Mempertanyakan eksistensi Naskah Otentik Supersemar pada saat itu, tentu merupakan suatu keberanian tersendiri. Bisa juga dikatakan kekonyolan. Sebab sangat sensitif dan tabu serta bisa dianggap sebagai suatu tindakan yang subversif. Merongrong rezim Soeharto yang sedang berkuasa, sebagai pelaku Supersemar. Waktu itu juga saya heran, mengapa Harian Bernas berani memuat artikel saya itu.
Entah ada hubungannya atau tidak, beberapa hari setelah Harian Bernas memuat artikel saya itu, Jenderal purnawirawan M. Jusuf, salah satu dari tiga Jenderal pelaku Supersemar, yang diutus oleh Soeharto untuk meminta Supersemar atau barangkali mendesak Soekarno untuk menandatangani Supersemar, mengeluarkan klarifikasi tentang Naskah Otentik Supersemar dari kediamannya di Makasar. Menurut beliau, naskah otentik Supersemar itu ada. Jika hilang, katanya, harus segera ditemukan, karena itu merupakan bukti sejarah perjalanan peradaban negara dan bangsa kita.
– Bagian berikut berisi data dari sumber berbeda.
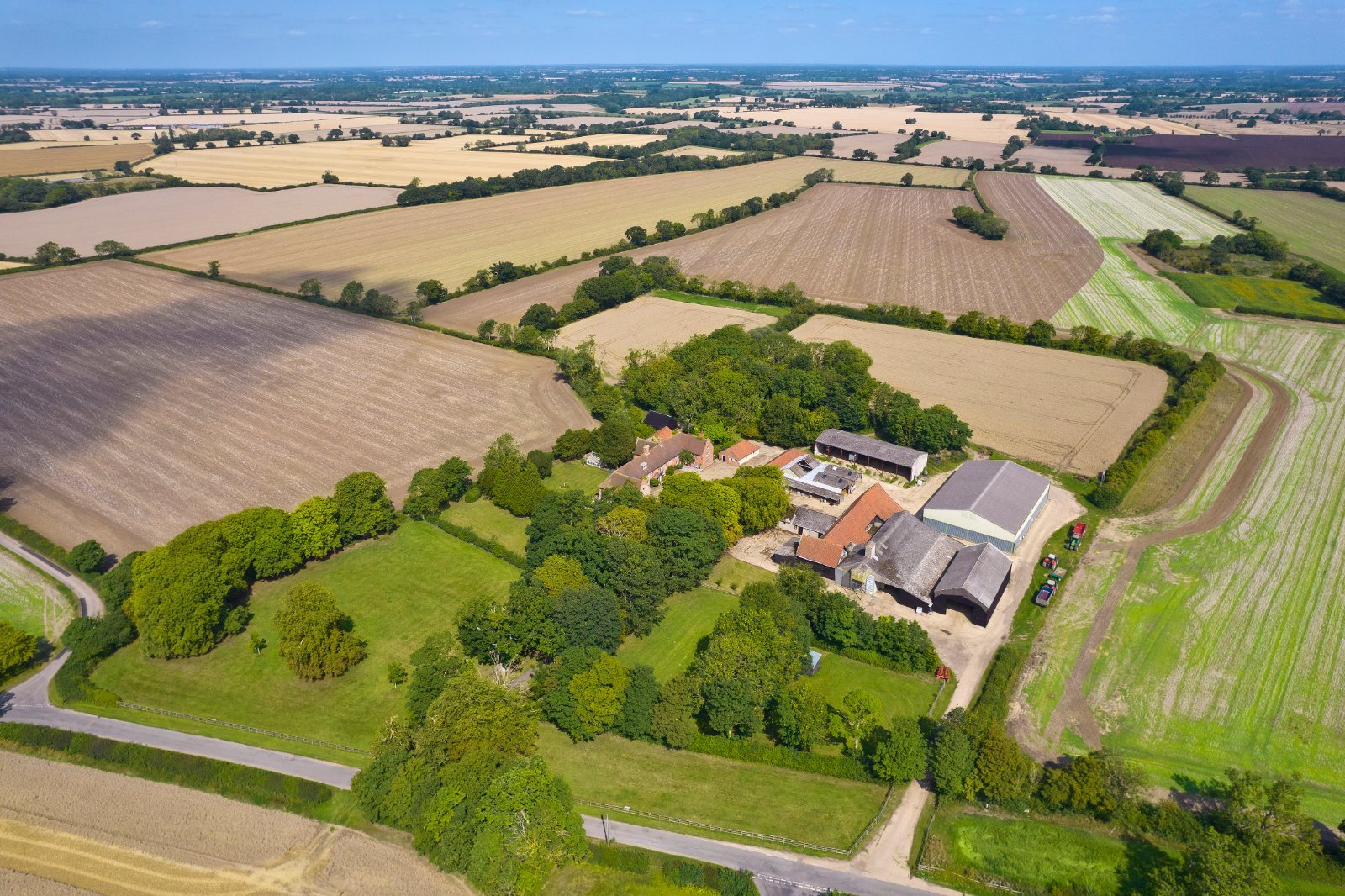 5 bedroom detached house for sale 0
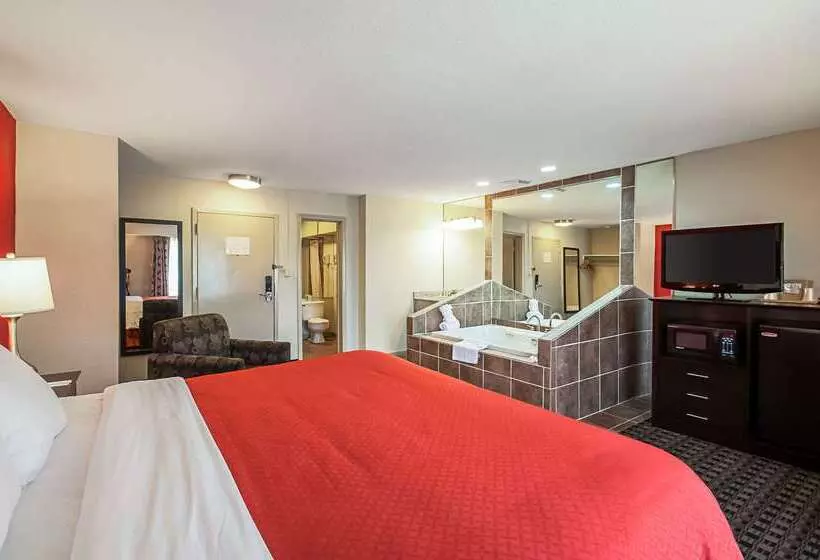 호텔 Quality Inn Near Potomac Mills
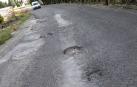 Baches en la carretera del Instituto Benjamin de Tudela hacia la A-68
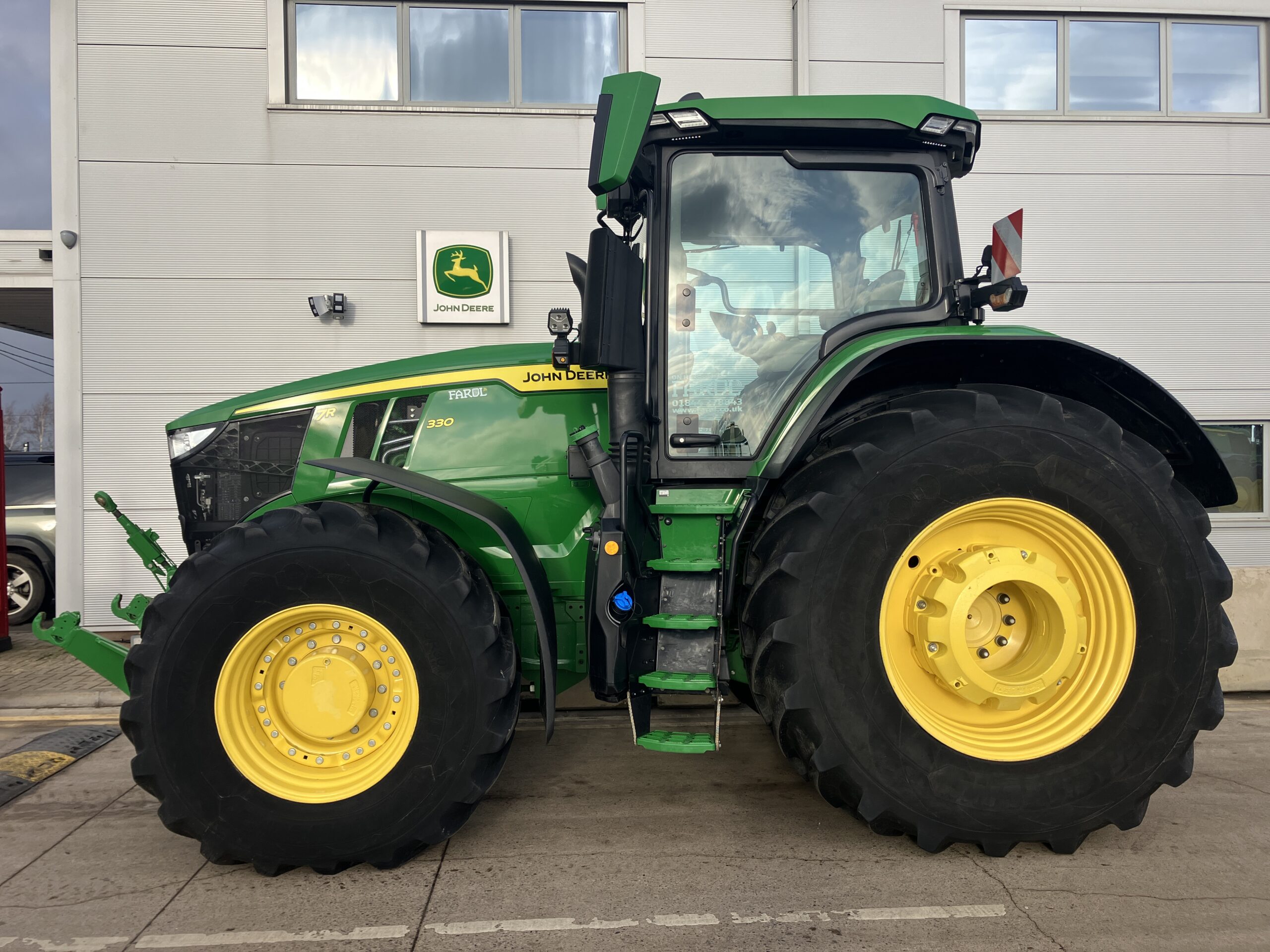 John Deere 7R 330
Dua puluh tujuh tahun kemudian, sampai dengan kondisi tahun ini, terkait 11 Maret sebagai Hari Supersemar, saya berusaha mencari-cari informasi tentang eksistensi Naskah Otentik Supersemar melalui Om Google, namun saya tidak menemukan kepastiannya. Justeru yang saya dapatkan adalah keraguan para penulis tentang kebenaran naskah Supersemar yang ada di Lembaga Kearsipan Nasional, yang dinyatakan sebagai duplikasi asli atau otentik.
Dengan ketidakpastian eksistensi Naskah Otentik Supersemar itu, tentu memunculkan banyak pertanyaan. Misalnya, apakah memang betul ada naskah Supersemar waktu itu? Kalau memang ada, apakah isinya memang sudah sesuai dengan yang kita pelajari di sekolah-sekolah, yang diajarkan oleh para guru sejarah, selama ini?
Pertanyaan berikutnya adalah mengapa seorang Presiden Soekarno yang sedang berkuasa harus mengeluarkan Supersemar untuk menugaskan bawahannya yaitu Soeharto? Atau mengapa seorang bawahan (Soeharto) harus meminta Supersemar dari atasannya (Presiden Soekarno) untuk mengendalikan situasi negara saat itu yang sedang tidak stabil? Bukankah seorang bawahan memang sudah sepantasnya membantu Presiden untuk mengamankan negaranya?
Ada apa sebetulnya dengan Supersemar itu? Jangan-jangan memang benar, kata orang, Supersemar itu, adalah kudeta administrasi. Dengan selembar surat itulah, Soeharto bersama-sama kroninya, mengambil over kekuasaan resmi Presiden dari Soekarno.
Anggapan ini tidak keliru juga. Mengapa? Karena faktanya setelah negara sudah aman dalam tempo sesingkat-singkatnya, setelah Supersemar di tangan Soeharto, bukankah seharusnya Soeharto segera melaporkan kondisi negara yang sudah aman kepada Presiden, sehingga Presiden dapat bertugas kembali sebagaimana mestinya di bawah pengawalan dan jaminan keamanan dari Soeharto? Justeru yang terjadi adalah dengan selembar surat yang bernama Supersemar itu menjadi senjata sakti Soeharto untuk meneruskan kekuasaan sah Soekarno sampai Soeharto sendiri menjadi Presiden sah selama 32 tahun lamanya. Aneh memang tapi nyata.
Pertanyaan berikutnya, dengan tidak atau belum adanya naskah Otentik Supersemar itu, apakah pelajaran sejarah tentang Supermar perlu terus dilanjutkan di sekolah-sekolah? Bukankah sejarah itu bukan dongeng? Legenda saja ada jejaknya. Masa sih belajar sejarah tidak ada buktinya.
Daripada ... daripada ... terus bertanya dan bisa saja berpeluang kebablasan, lebih baik kita singkat saja dengan pertanyaan : Quo Vadis Naskah Otentik Supersemar?